Basing the support on gross income, instead of net income, "is the wrong place to begin a formula,” Olson said. The amount of money that children allegedly need for support is way too high, she said.
"It’s all about lifestyle support, not the true cost of raising children,” she insisted. "And they [the court] are still calling parents voluntarily underemployed or unemployed, when they’ve simply just lost their jobs.”
Jack Ehrlich, a center member, is among those using the new law to reduce support. His payments dropped from $2,183 a month to $1,639, but he said that’s still "wildly high.”
A flood of appeals
When the law kicked in last year it applied only to new support orders. But starting this year, parents can try to modify existing orders if incomes or expenses could change the order at least $75.
Requests for changes spiked 25 percent the first six months of this year compared with the last six months of 2007, according to a Minnesota Supreme Court analysis.

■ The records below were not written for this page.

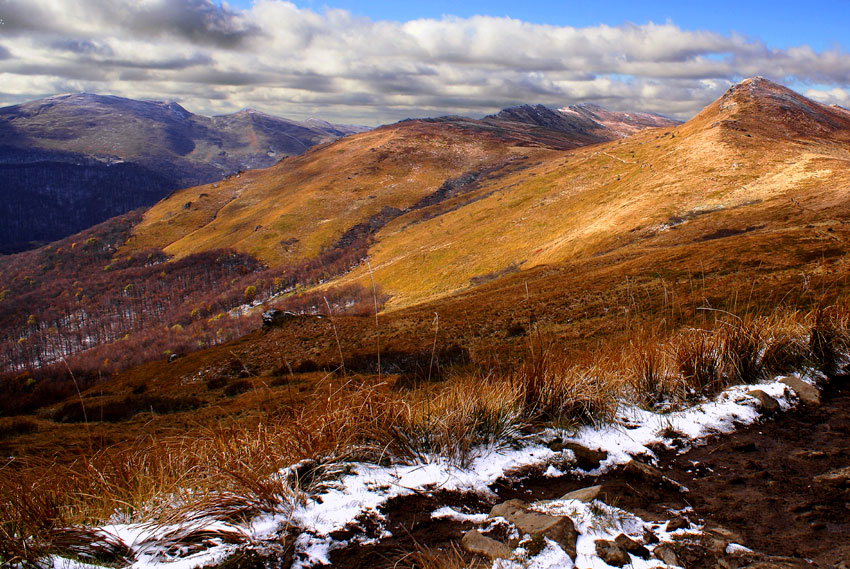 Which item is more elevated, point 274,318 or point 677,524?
point 677,524

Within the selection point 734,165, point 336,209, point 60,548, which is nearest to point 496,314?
point 60,548

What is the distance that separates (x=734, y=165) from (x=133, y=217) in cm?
19954

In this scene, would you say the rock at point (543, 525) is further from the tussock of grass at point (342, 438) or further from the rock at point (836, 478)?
the rock at point (836, 478)

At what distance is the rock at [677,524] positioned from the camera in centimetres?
301

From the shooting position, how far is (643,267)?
24.7 metres

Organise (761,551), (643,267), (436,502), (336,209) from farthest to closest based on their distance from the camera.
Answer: (336,209)
(643,267)
(436,502)
(761,551)

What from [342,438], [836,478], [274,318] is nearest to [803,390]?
[836,478]

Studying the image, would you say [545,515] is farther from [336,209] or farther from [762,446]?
[336,209]

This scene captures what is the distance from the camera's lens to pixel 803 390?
5180 mm

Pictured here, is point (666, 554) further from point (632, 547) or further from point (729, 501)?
point (729, 501)

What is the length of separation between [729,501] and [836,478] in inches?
37.0

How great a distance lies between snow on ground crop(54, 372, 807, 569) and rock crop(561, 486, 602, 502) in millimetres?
95

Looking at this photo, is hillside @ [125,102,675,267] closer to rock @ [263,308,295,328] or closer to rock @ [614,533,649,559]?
rock @ [263,308,295,328]

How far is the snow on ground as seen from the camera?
2.78m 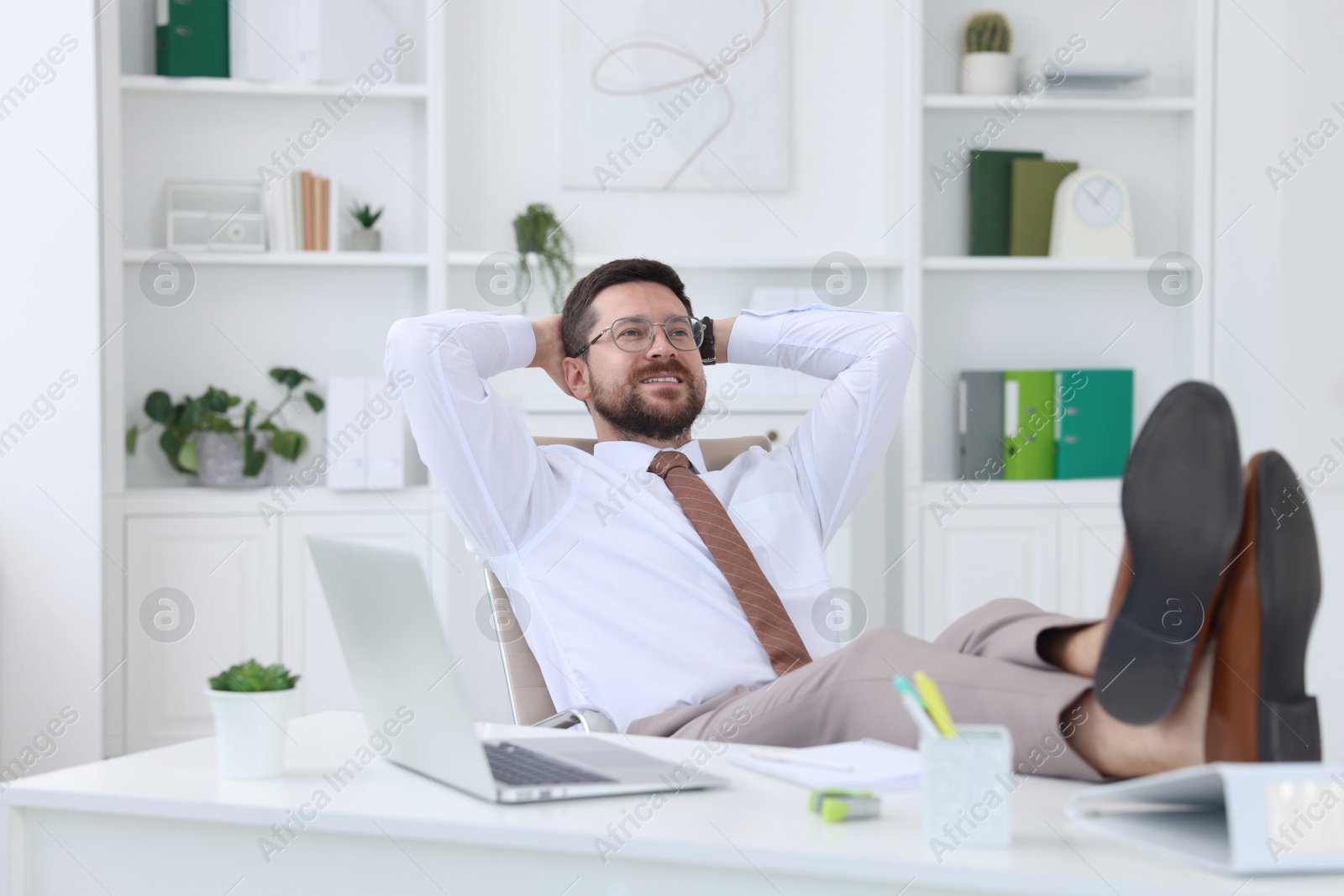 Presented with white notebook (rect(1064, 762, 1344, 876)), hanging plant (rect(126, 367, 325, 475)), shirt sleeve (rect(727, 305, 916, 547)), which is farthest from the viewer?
hanging plant (rect(126, 367, 325, 475))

Three days a week, parents such as Tuthill take a desk at workshops at the Family Justice Center in downtown Minneapolis to learn how to file their own orders. There are also crowds at the Child Support Self-Help office down the hall.
In Washington County, a hot-line recording tells parents that the volume of requests to reopen cases means it may be "several months before we can review your request."
Despite the instant discontent with the new system, some legal experts counsel patience. Tanya Manrique, the chief Hennepin County Family Court judge, said it’s simply too soon to tell if the new formula is an improvement.
Ramsey County Attorney Susan Gaertner agreed. "Just because someone isn’t getting as much money as they want or is paying more money than they want, doesn’t mean the system is unfair. The guidelines are about distributing resources to the maximum benefit of the child.”
Tuthill is keeping his fingers crossed that considering both incomes will give him a "more fair” order: "They should have been doing that in the first place.”